- _What to work on_
Tally every line in the listing that holds the string "Blue", then state the total and nothing more.
:: Source data ::
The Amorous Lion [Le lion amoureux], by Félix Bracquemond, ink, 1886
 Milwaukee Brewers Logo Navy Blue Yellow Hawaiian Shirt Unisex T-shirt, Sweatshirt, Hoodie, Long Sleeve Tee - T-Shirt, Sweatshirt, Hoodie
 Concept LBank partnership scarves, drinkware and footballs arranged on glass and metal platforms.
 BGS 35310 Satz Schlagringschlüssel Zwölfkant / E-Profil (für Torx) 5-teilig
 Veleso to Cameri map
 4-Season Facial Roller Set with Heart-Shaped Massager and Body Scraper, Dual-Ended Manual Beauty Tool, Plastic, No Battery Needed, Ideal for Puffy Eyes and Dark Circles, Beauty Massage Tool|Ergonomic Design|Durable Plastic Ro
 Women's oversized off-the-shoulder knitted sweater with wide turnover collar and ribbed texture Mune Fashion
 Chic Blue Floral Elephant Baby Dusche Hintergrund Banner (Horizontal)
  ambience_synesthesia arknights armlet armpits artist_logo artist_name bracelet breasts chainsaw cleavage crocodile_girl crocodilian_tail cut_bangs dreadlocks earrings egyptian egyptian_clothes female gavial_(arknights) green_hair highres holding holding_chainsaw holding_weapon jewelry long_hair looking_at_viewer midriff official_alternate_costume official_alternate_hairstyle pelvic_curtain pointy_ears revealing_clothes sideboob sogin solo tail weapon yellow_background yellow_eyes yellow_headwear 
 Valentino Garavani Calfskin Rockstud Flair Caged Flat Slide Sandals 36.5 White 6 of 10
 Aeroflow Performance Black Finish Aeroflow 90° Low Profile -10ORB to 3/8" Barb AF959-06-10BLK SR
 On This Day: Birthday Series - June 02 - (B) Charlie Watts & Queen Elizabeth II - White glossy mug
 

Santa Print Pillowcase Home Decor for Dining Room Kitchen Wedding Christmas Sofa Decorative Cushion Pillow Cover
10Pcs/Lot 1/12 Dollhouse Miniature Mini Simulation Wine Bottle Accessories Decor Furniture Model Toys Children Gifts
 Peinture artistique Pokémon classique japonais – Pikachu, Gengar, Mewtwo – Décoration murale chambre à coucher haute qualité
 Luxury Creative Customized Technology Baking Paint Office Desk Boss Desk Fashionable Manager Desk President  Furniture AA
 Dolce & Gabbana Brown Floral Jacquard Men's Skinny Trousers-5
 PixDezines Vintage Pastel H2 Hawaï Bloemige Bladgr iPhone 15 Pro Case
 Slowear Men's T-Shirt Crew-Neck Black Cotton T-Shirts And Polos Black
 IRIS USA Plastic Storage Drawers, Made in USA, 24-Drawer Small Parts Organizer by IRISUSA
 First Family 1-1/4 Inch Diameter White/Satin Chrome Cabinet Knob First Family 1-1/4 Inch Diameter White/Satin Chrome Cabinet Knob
:::
- _Result below_
2